Les pesticides devant la justice

Le géant américain de la semence, Monsanto, doit comparaitre aujourd’hui devant le tribunal de grande instance de Lyon. La firme pourrait être jugée responsable de l’intoxication d’un agriculteur  charentais, qui a souffert de graves troubles neurologiques après avoir inhalé du Lasso, un puissant pesticide aujourd’hui interdit.

Monsanto comparait une nouvelle fois devant les juges à Lyon aujourd’hui. Mais, plus que le géant de la culture OGM, c’est le procès du “tout chimique” qui s’ouvre aujourd’hui, et les juges seront amenés à évaluer l’impact des pesticides sur la santé des agriculteurs. La justice a été saisie par Paul François, un agriculteur charentais, qui se retrouve invalide à 50%, en raison de graves troubles neurologiques survenus en 2004, après avoir inhalé du Lasso, un pesticide aujourd’hui interdit, produit par Monsanto.

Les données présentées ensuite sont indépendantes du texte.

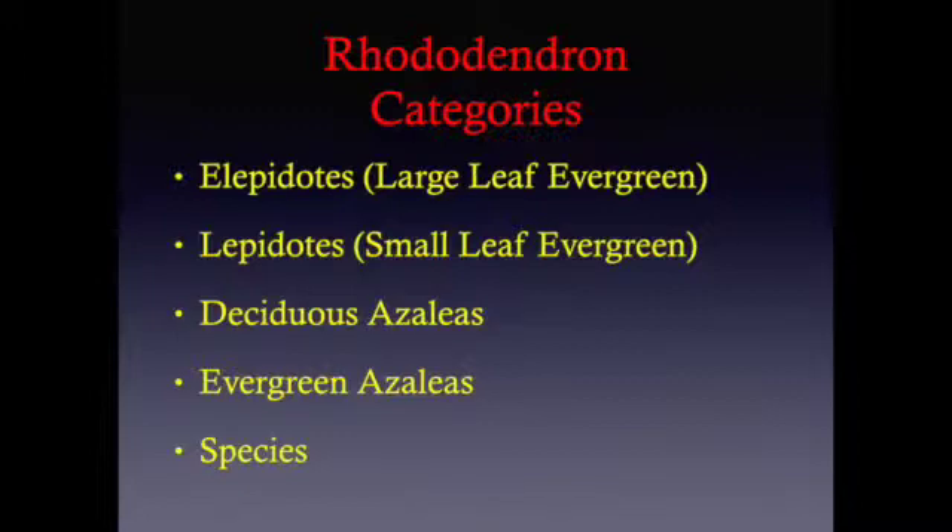Deciduous azaleas do lose their leaves every year, but they grow back and come in various colors and sizes. Next are the evergreen azaleas, and although they are probably the most tender of the various categories, there are several different ones that are quite hardy in our climate. Last but not least are the species, which are native azaleas and Rhododendrons found in their natural habitat, not artificially hybridized, throughout not only the U.S. but the world as well.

“Une partie de la population agricole va en crever”

A la différence d’autres agriculteurs intoxiqués progressivement par les produits chimiques qu’ils manipulent chaque jour, Paul François a subi une intoxication aigüe en nettoyant le fond d’une cuve contenant du Lasso. Il n’y a donc aucun doute sur l’implication du produit dans les troubles connus par l’agriculteur. “Moi je suis vivant aujourd’hui mais il y a une partie de la population agricole qui va être sacrifiée, qui va en crever“, explique-t-il. “Nous n’avions pas idée que l’accumulation de ces produits allait avoir des effets vingt, trente ans après. Dans cette génération qui a commencé à travailler avec des pesticides dans les années 80, beaucoup sont en train de souffrir dans leur coin“, ajoute celui qui a créé en 2011 Phyto’Victimes, une association qui aide les agriculteurs à faire reconnaitre leur pathologie comme maladie professionnelle.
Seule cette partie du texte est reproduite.